But here’s how all this ties back to Wix and our investment process: is there a better way of evaluating investment ideas where there is new-market creation? Can we add another tool to our DCF-based toolkit?

New-market creation is happening in all our investments today. What is the market for online presence? (Wix) How about the market for online shops and entrepreneurs accepting payments? (Shopify, Square) And the market for enterprise messaging? (Slack). The list goes on.

The fact that these are poorly defined markets does not make them unattractive—quite the opposite! As we’ve seen with Amazon’s internal process and the teachings of Clay Christensen, it is precisely these undefined markets that make for asymmetric opportunities. We can take Jassy’s five-point list and ask the same questions of our companies:

1. If they build it and it’s successful, can it be really big and move the needle?

2. Is this company producing a product or service where the customer is well-served today?

3. Does the company have some kind of differentiated approach to it?

4. Does the company have competence in the area?

5. Does the company have founders or managers solely focused on this opportunity?

Surely, we should keep our DCF models; after all, our companies are—from the point of view of ideation on a whiteboard—quite mature, having gone public with audited historical financial statements. But the most exciting investments we’ve made are ones in which the opportunity turned out larger than we envisioned initially. The most successful companies use internal research and development, as well as acquisitions, to extend their businesses and deliver growth for many decades.

This is certainly what happened with Amazon. Imagine having a DCF model of Amazon’s retail business in 2005 as one’s sole decision-making tool, unaware of the incredible revolution it would unleash with the launch of AWS in March 2006?

AWS was funded after Amazon ditched NPVs. It was dreamt to solve Amazon’s internal constraints. It was hard for various internal teams to compete for IT resources. Rather, wouldn’t it be better to have hardened interfaces between the organizations (application programming interfaces, or APIs), abstracting those resources into building blocks? Need more storage? Just do it through the API.

As Jassy and his team formulated their idea for AWS, they realized it might be an attractive service for outside developers. After all, Amazon’s struggles managing its IT infrastructure was far from unique.

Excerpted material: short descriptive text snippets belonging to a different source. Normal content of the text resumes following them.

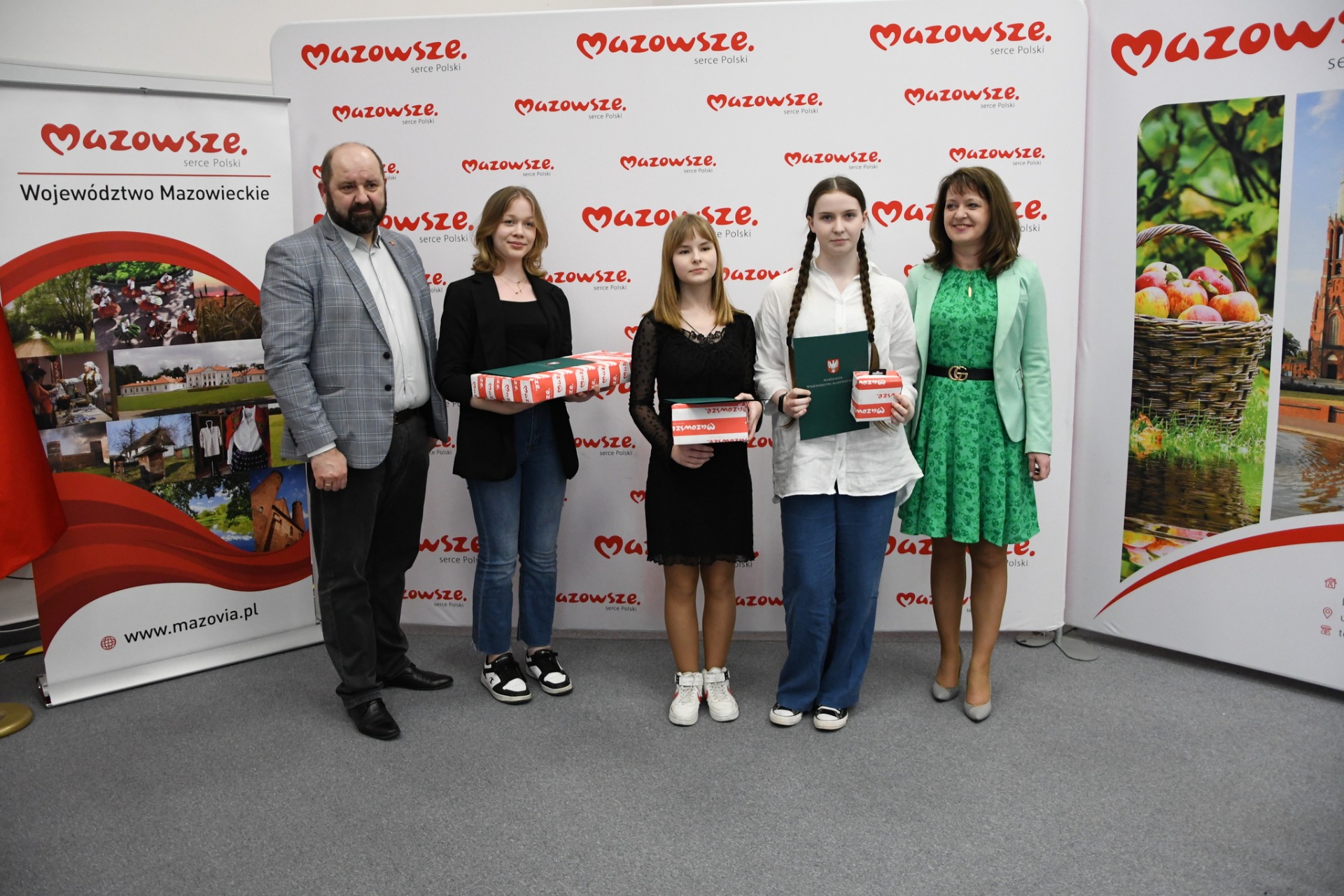 Laureaci konkursu wraz z organizatorami na tle ścianki z napisem "Mazowsze - serce Polski"
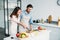 boyfriend cutting onion and crying girlfriend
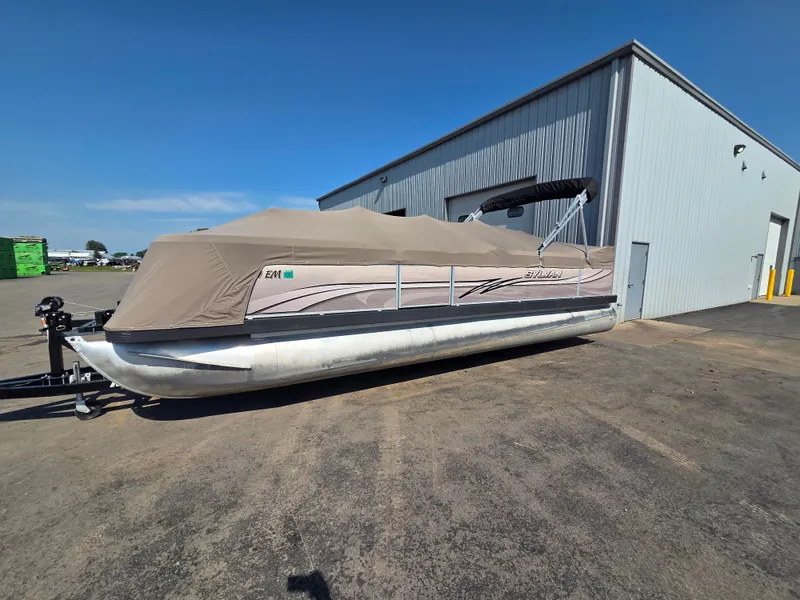 The Image of A 1998 Sylvan 826 Nexus pontoon boat is on a trailer outside a building. - 1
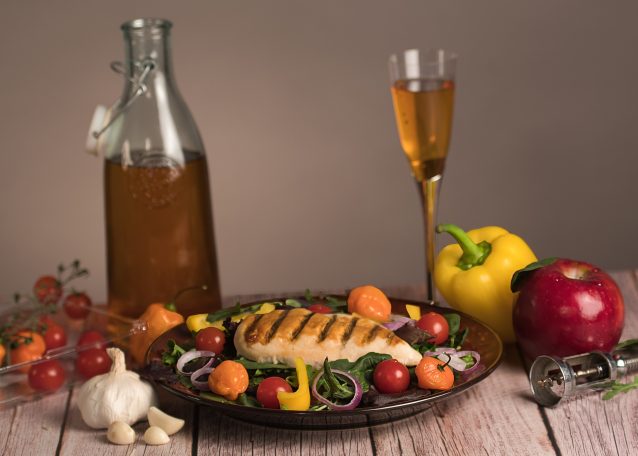 Grilled chicken with vegetables, cherry tomatoes, and a glass of beverage on a wooden table.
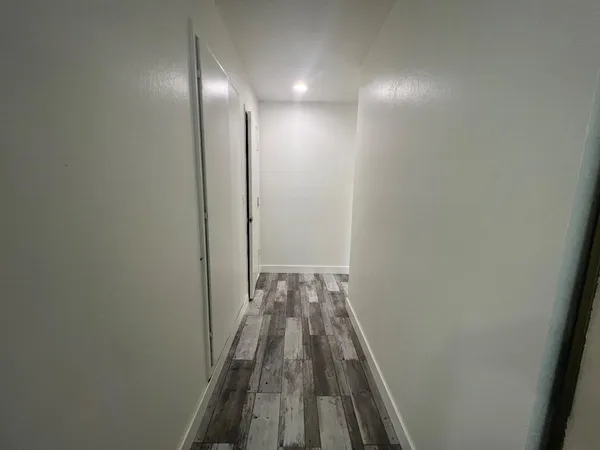 a view of a hallway with wooden floor
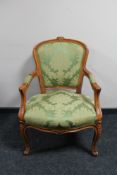 A Continental carved walnut armchair in green fabric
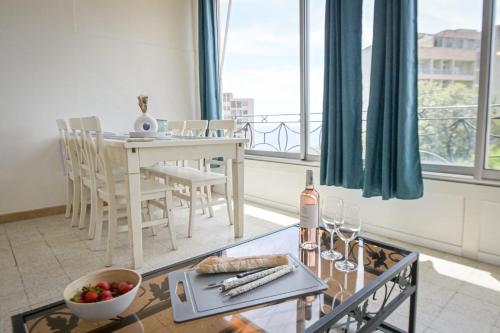 un salon avec une table avec une bouteille de vin dans l'établissement Jessica - Very luminous 1Br with loggia - by TGB, à Ajaccio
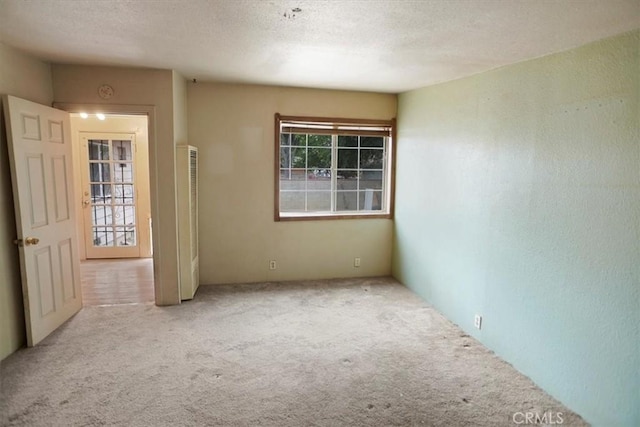 44037 Heaton Ave, Lancaster, CA 93534 - spare room with carpet floors, a heating unit, a textured ceiling, and a textured wall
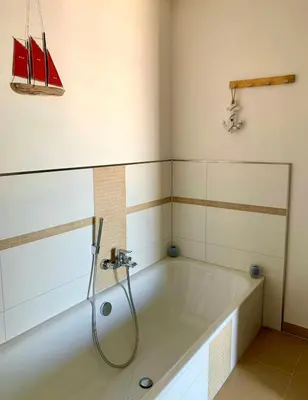 Ein Badezimmer in der Unterkunft Dachloft MEERzeit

Larry's Asymmetric Motivation

Three years before AWS launched, Larry Ellison, the driven founder of enterprise software behemoth Oracle, was certain he had the future pretty well locked-up. His goal was to become the world’s most important software company, beating the foes of the day, Microsoft, and SAP. He had already developed versions of the Oracle database and the E-Business Suite that could be delivered over the internet to customers, rather than having customers install the applications locally on their servers.

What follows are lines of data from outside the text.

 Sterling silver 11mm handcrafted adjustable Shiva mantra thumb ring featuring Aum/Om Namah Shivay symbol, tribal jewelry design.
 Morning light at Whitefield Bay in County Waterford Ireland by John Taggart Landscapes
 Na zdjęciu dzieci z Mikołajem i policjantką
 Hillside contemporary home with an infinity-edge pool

He also believed that product suites—not point solutions stitched together (“best of breed” software)—would win the day, and with these ingredients, Oracle would turn into the leader of the “utility” model of computing:

“Best of breed products are just transitional technologies; the customer saves a lot of money. We buy the computers, backup their data, run their applications, and upgrade their software much more cheaply than they could ever do it themselves. It is simply a matter of financially applying specialization of labor and economies of scale to the running of computer systems.

“We’re now far enough ahead to win. The internet model of computing has given birth to the utility model of computing and software as a service. We couldn't be better positioned. Our fault-tolerant grids of Linux database servers provide the ideal low-cost, high performance infrastructure for utility computing. Our applications outsourcing is one of the largest examples of software as a service in the industry. I know it won't be easy to catch Microsoft. They are more than three times bigger than we are, but they make money on desktop computing—Windows and Office. They are nowhere in utility computing. SAP is nowhere in utility computing. IBM is advertising utility computing but delivering labor intensive custom systems. So if utility computing is the future, then the future is ours.” [1]

And then, a different future happened. On March 2006, Amazon Web Services launched its first product, S3. This was the outcome:

Source: SEC filings, Heller House analysis

From a standing start, over the last 14 years AWS has grown larger than all of Oracle as measured by revenues. Notice that the chart starts six years ago; Amazon didn’t break out AWS’s numbers until the first quarter of 2015, showing results a year back, so our trailing twelve-month period starts at the end of 2014.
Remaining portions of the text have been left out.